Johannes showed up and we went to the park just outside the train station to wait for the rest of the party. I met another Johannes (graduate from mech eng) from IAESTE (whose place I ended up having to crash at, as he had 2 other housemates, and they were not around, so I got to use Martin’s room for the night). Thomas from IAESTE also, a PHD student in Chem eng, who happened to have done an IAESTE exchange in Toronto at U of T on the 4th floor of WB in the Pulp and Paper lab under the supervision of a Dr. Tang (Japanese) 3 years ago. So that was really cool when we started talking about Toronto. Then there were a bunch of other Trainees that I met: Alicija from Poland who studies electronics and is working for the electronic company of her dreams since September and will now take up a contract for full time since she has finished school; Emir from Norway who is new in town (only been here for 4 days) and started his work in a mechanical engineering placement in a lab at the technical university in Graz, staying until august; Nevena from Bosnia, who has been here for a month and working for a company and her background is in computer science; there was also a guy named Eddy who is from HK’s Polytechnic U studying Physics and working for another electronic company in a little town called Deutschlandberg, about an hour from Graz.

So the 8 of us took two cars and headed for a 2 hour journey out to the north east of Graz (which I fell asleep most of the way over) to a mountain called Reichenstein for “hiking”. Apparently, Austria calls Mountain Hiking – Hiking, it was a painful “walk”, more like a climb, up the mountain as I was not equipped with the right gear (I miss my hiking shoes!!! I’ll never go hiking without them again). So with my puma shoes, I felt every rock that I stepped on and was really afraid of slipping and rolling off the mountain (there were spots that were super steep). Not to mention that I was not in any good physical shape, it was really difficult to get up to the top. The guys from IAESTE also has this thing about telling us “It’s only going to be another 10 minutes” to keep the motivation going. It was a bit silly but funny at the same time.
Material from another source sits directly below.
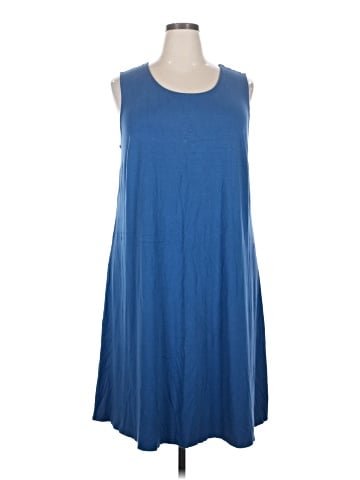 J.Jill Casual Dress (view 1)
So after 2 and a half hours, and a lot of hard work, and also taking a normal route as supposed to the advanced route, because of our shoes (there was a mountain nazi guy who came and said we would be arrested if we were seen with those kind of shoes on on the mountain, we finally reached the hutte ( or cottage) at the top of the mountain. There, we took a nice break, I ate a knodel mit wurstel (some dumpling thing with sausage and kraut (cabbage)), tried to play the local cards game and chilled for about 1.5 until the rain went away. (yes, it started raining) Once the rain went away, the group climbed up to the peak of the mountain. We then began our descent. The descent was difficult for me and Eddy as our shoes really weren’t able to hold us up. My philosophy, from my previous exp in hiking, climbing, whatever experience I had with SJA, told me that as long as I’m willing to get my hands dirty and stay low, I should be Okay. Hence I took my time and really clinged onto the mountain side. We were about ¼ of the way down when it started to rain again, and the paths became really difficult to walk in. It was difficult with rocks and extremely dangerous without the rocks. Puddles, mud slides were not doing us well. A little while longer, the Johannes whose place I will be staying at offered to let me hang on to his backpack, and this really helped save my life a few times. I was sliding down, my ankles were killing me (since no support) turning at weird angles as I try to maintain my balance. I slid a few times and it was not very pretty.. We finally reached the bottom of the mountain about 6 or 7 and we were soaking wet.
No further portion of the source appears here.